The San Jose City Council voted in September to spend up to $1.4 million on an existing contract with law firm Hanson Bridgett LLP, increasing the amount the city will pay the outside attorneys for the fifth time in less than two years.
Twenty former city employees hired Oakland labor lawyer Bob Bezemek to file the lawsuit after they allege the city illegally reduced their benefits by invoking federal limits on the annual amount some retirees can collect from certain types of pension funds.
The retired plaintiffs are a high-profile group of top San Jose leaders, many of whom have widespread name recognition and shaped the policies that govern City Hall today. They include Leslye Corsiglia, a longtime director of the city’s Housing Department who now runs Silicon Valley at Home; former Planning Director Harry Freitas; former Public Works Director Barry Ng; the family of former Planning Director Joseph Horwedel, who died in 2016, and longtime Planning Director Gary Schoennauer.
Schoennauer, who retired in the 1990s after more than 30 years, told San José Spotlight that he and his fellow plaintiffs had hoped the city would settle the lawsuit and pay the retirees what they’re owed, but the city has decided to keep fighting.
“I joined my colleagues in the lawsuit to get what is rightly owed to us,” Schoennauer said, declining to say how much he was shortchanged from his retirement or to discuss the case further.
The lawsuit centers on a change to the Internal Revenue Service code Congress adopted in 1990 that places a cap on the amount some retirees can receive annually from a pension fund. Two other plaintiffs, Wayne Tanda and Joseph Bass, in 2016 were accused of being overpaid in their pension plans by $216,405 and $172,397, respectively, above the IRS limits. Both retirees said it was money they earned and were entitled to, according to a Mercury News article.
Raymond Lynch, a Hanson Bridgett lawyer defending the city, said Friday the federal cap applies to all of the plaintiffs in the lawsuit and the city had no choice but to abide by the IRS code.
“Fundamentally this is a matter of law and how the IRS limits apply,” Lynch said. “And in this case, it is a term of the pension plan and in my view it is completely clear that the limits are part of the plan and they were correctly applied with respect to the plaintiffs.”

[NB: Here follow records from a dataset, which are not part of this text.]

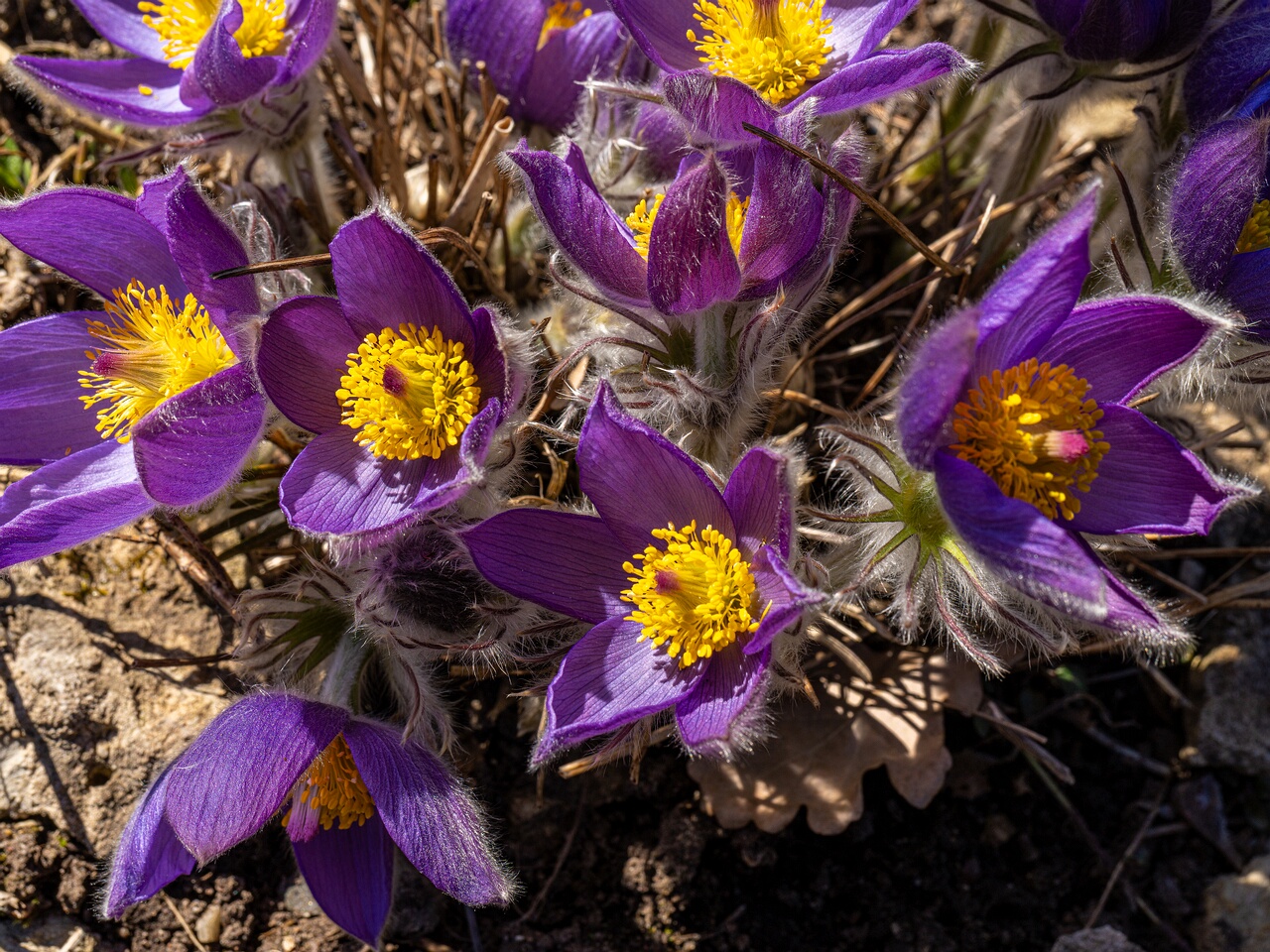 !Pulsatilla patens _2026-04-18_1-18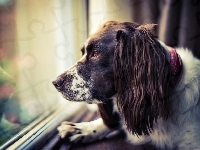 Springer spaniel, Smutny, Okno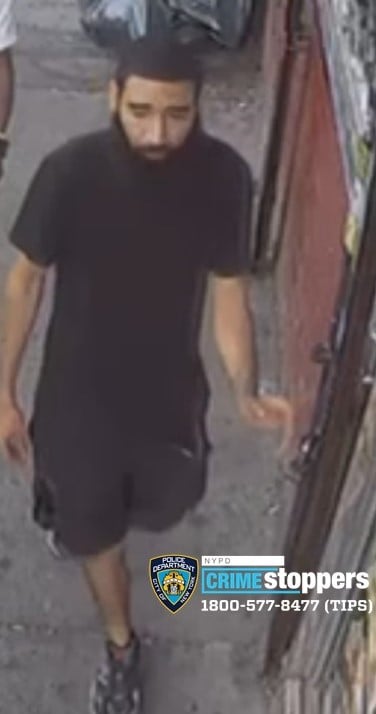 Dog Stolen in Broad Daylight in New York City Dog Stolen in Broad Daylight in New York City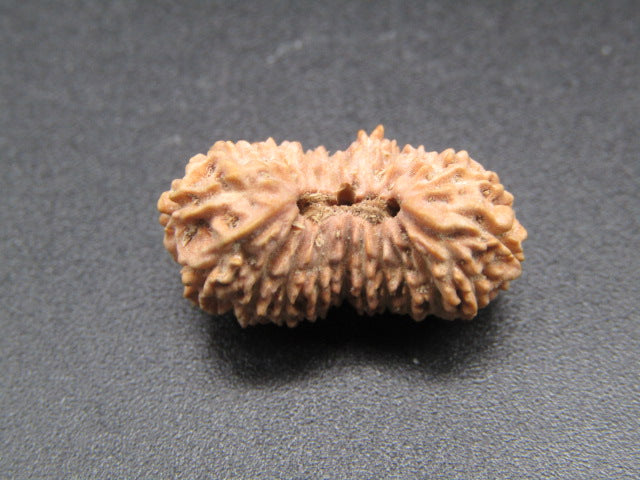 Natural 22 Mukhi rudraksha seed with two sides and central holes on dark surface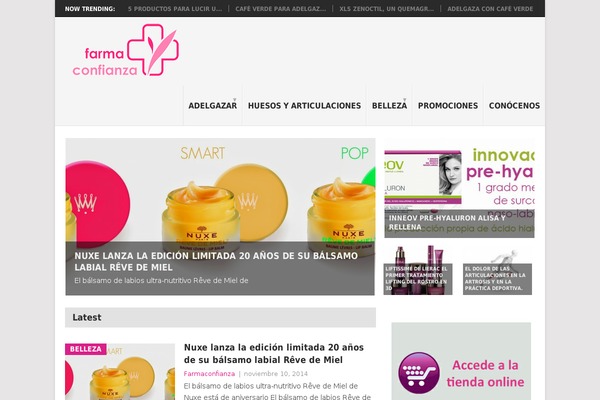 Point theme site design template sample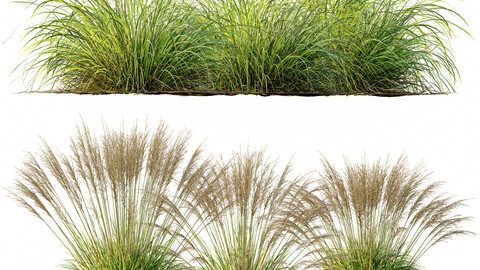 Carex Elata Aurea Grass and Molinia Caerulea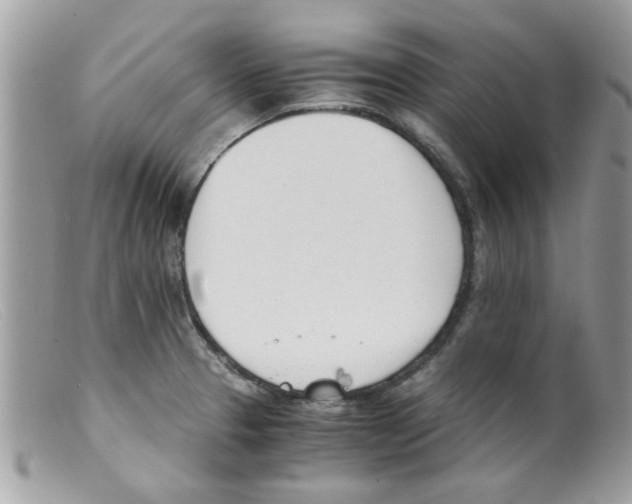 X0000098141329200805151130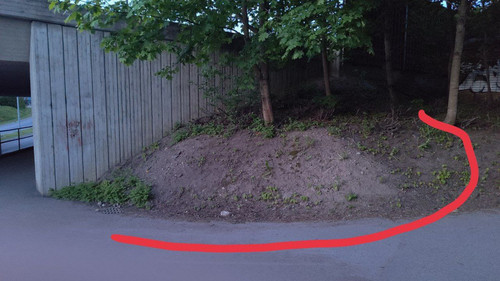 photo 2023 06 05 03 57 20.jpg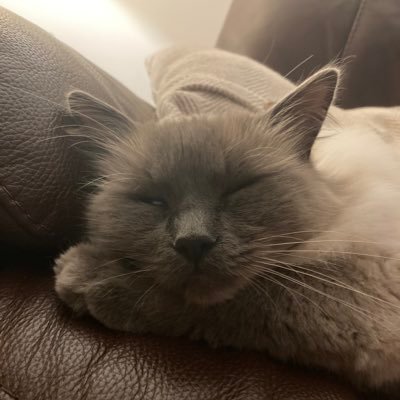 Profile Picture of Andy Keen (@k66noa) on Twitter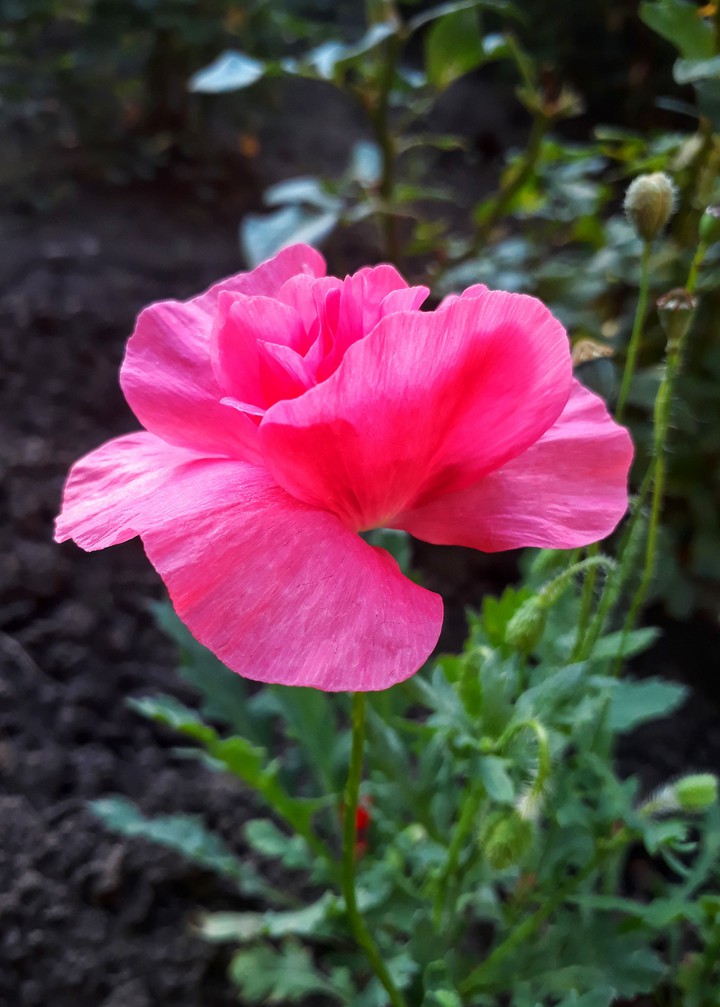 Poppy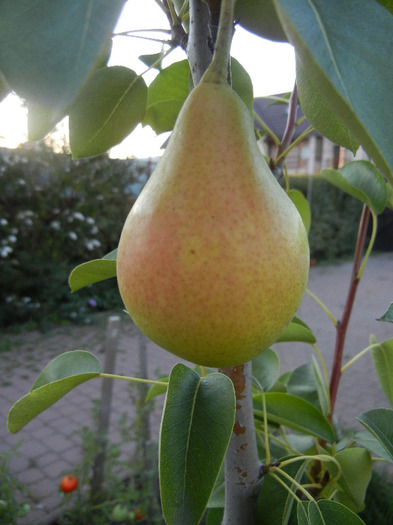 Pears_Pere Napoca (2011, August 28) - Pear Tree_Par Napoca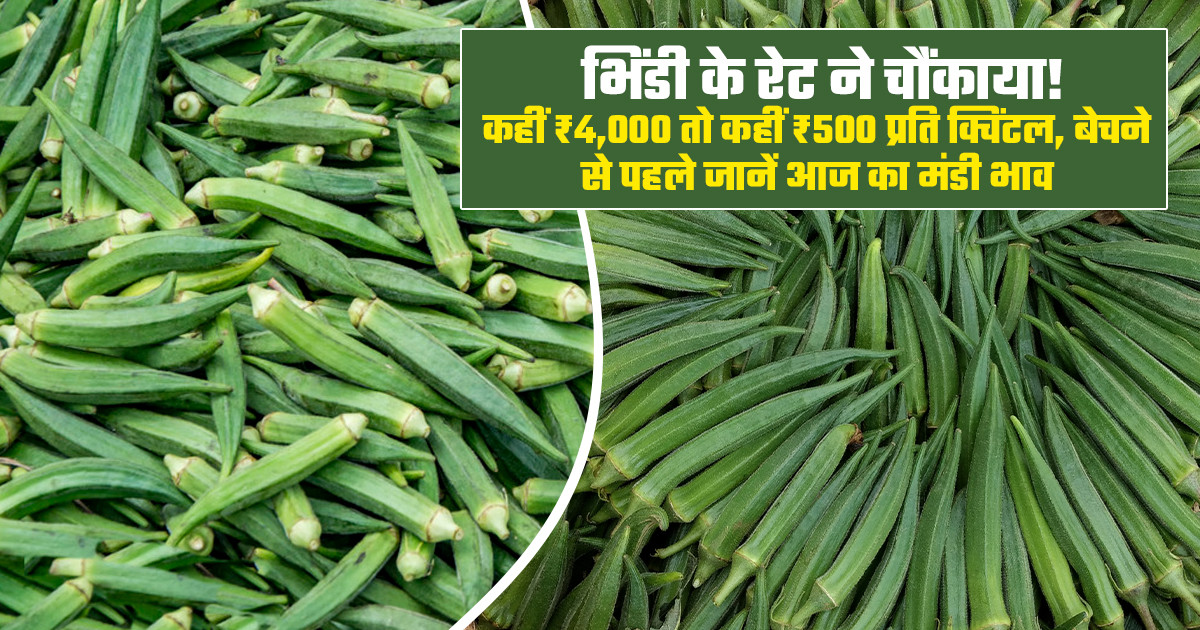 okra market price reaches ₹4,000 per quintal in some markets.
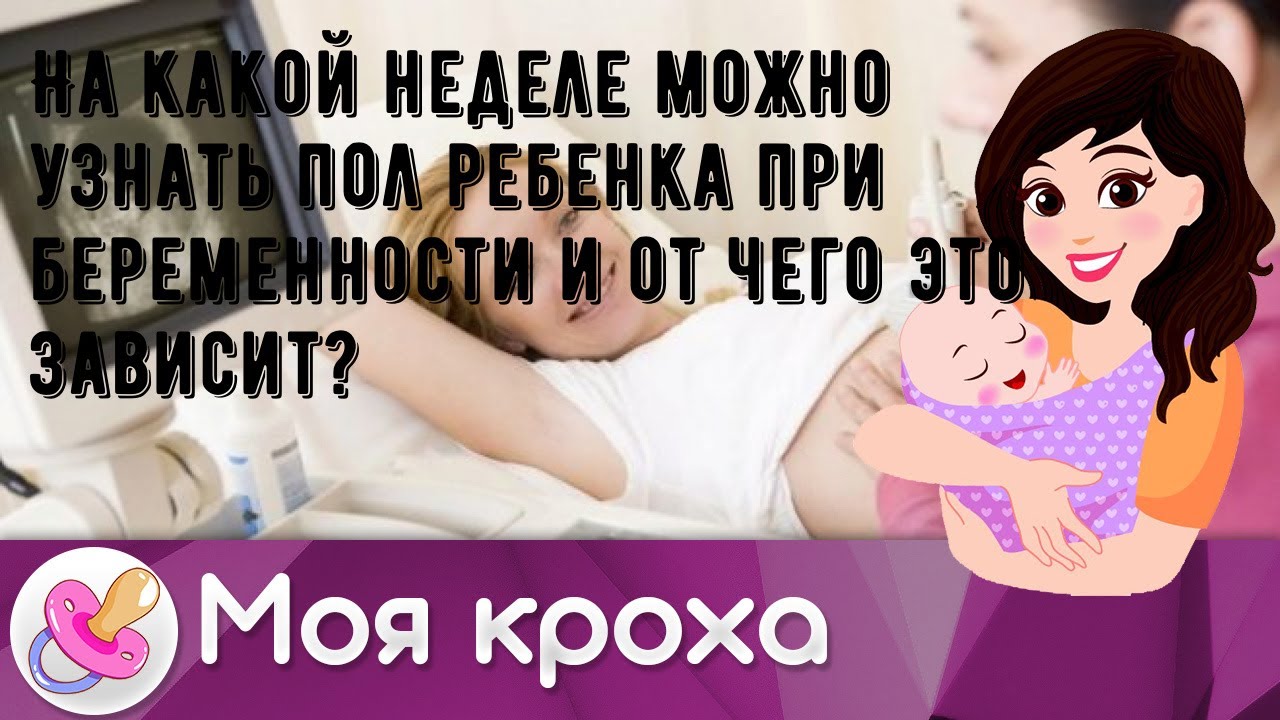 На какой неделе можно узнать пол ребенка при беременности и от чего это зависит?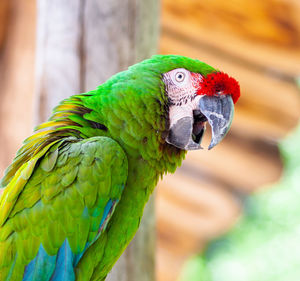 Macaw parrot bird.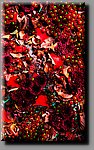 a_DSC8200b.JPG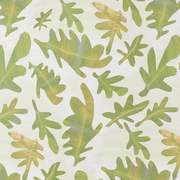 Terra Verte - WP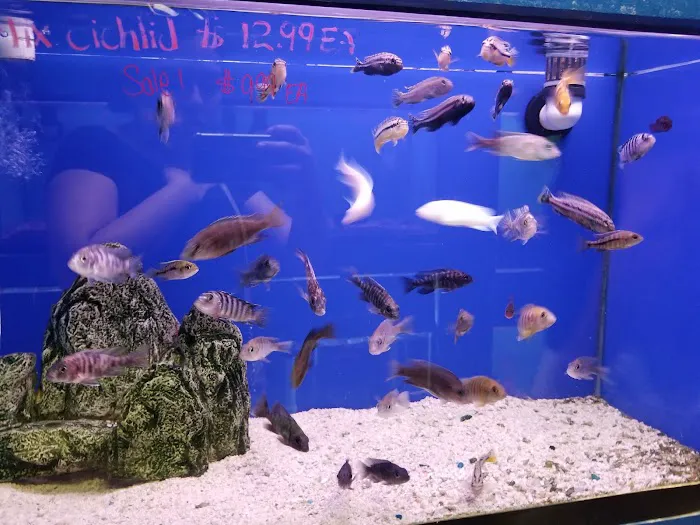 Fondren Fish & Pets Picture 5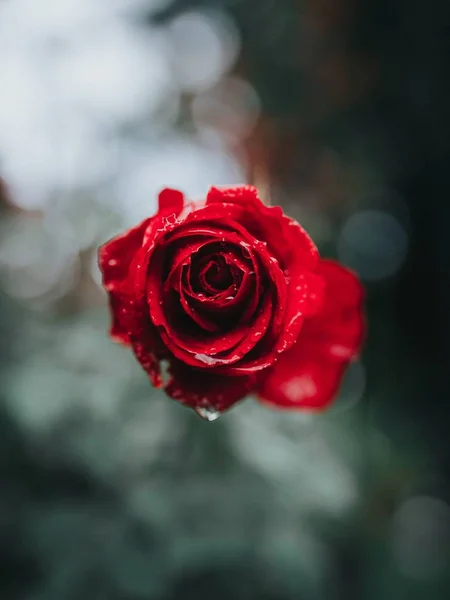 Bellissimo primo piano di una rosa rossa con rugiada mattutina su di esso e uno sfondo sfocato — Foto Stock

Federal lawmakers carved out exemptions for some public sector workers who frequently retire early, such as law enforcement, firefighters and other emergency service workers, and grandfathered in everyone who retired before 1990. A 1996 revision of the IRS code allowed for public sector workers whose pension benefits exceeded the limit to be collected through separate funds. But attorneys representing the retirees have argued in court that many of their clients should have been grandfathered in, and all of them should be allowed to collect their pensions above the federal limits by other legal means.
But the city attorney’s office says the City Council has declined to create such an ‘excess fund’ in the past because it would draw more money from the general fund, which already pays for most of the city’s pension obligations.
“There is a lot at stake,” said Assistant City Attorney Nora Frimann in an interview. “And the reason we hired outside counsel is that everyone who is inside the system has some kind of conflict.”
According to the complaint, the San Jose retirees started working for the city between 1957 and 1991. Most of them were also promoted several times throughout careers that spanned 30 consecutive years before retiring between 1985 and 2015, according to the lawsuit.
“The city, by its unlawful action, is impairing its promises to a number of particularly loyal and long-serving civil servants,” the lawsuit says. “While the city is legally entitled to impose limitations on newly-hired employees, it is forbidden by law… from imposing such limitations retroactively.”
Bezemek is asking the court to force San Jose to turn over more than $470,000 — the amount he says his clients have been shortchanged since 2014 — and require the city to create a preservation fund, to ensure that retirees who earn pensions above federal limits are allowed to collect everything their contracts entitle them to.
“Nearly every public jurisdiction in California and in Santa Clara County has created such an ‘excess’ or ‘preservation’ fund,'” the lawsuit says. “But the city has stubbornly refused to do so, despite recommendations… over the years that it should create such a fund.”
In 2005, the complaint notes, the city’s retirement board brought the issue to the attention of the council, “going as far as drafting a proposed ordinance.” But it was nearly a decade later the city started clawing back so-called “excess” benefits, Bezemek argues, rather than putting the money into another fund where retirees could access it legally under the IRS code.
In its quest to squash the litigation, the city hired Hanson Bridgett in Dec. 2017 for $175,000 and increased the firm’s contract fives times up to $1.4 million, eight times the original contract amount.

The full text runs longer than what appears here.